• _Records for the task_
● ● ● ● ● ● ●
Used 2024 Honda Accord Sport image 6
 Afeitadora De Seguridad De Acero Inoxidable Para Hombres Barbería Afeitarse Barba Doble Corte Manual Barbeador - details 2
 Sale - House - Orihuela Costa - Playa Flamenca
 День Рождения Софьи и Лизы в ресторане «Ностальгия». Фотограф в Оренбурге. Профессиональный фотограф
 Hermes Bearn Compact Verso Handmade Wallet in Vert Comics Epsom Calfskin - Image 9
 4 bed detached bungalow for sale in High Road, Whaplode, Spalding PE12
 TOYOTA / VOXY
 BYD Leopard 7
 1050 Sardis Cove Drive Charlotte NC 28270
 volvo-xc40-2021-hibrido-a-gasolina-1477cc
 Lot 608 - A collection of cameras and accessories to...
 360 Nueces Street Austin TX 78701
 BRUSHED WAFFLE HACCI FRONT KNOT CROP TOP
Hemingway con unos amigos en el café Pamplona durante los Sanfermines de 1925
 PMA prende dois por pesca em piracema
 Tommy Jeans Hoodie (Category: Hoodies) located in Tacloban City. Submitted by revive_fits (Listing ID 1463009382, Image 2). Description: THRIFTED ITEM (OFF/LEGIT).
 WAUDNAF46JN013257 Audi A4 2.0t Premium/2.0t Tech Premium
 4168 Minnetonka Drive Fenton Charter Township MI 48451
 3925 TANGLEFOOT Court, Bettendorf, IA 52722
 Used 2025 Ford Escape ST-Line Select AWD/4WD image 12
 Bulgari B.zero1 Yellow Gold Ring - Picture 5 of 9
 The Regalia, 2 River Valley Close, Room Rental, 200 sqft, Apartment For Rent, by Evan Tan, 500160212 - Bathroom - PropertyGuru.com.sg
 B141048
● ● ● ● ● ● ●
• _The problem_
Scan the listing above and copy all lines containing the word "Drive".

• _Answer to the exercise_
 1050 Sardis Cove Drive Charlotte NC 28270
 4168 Minnetonka Drive Fenton Charter Township MI 48451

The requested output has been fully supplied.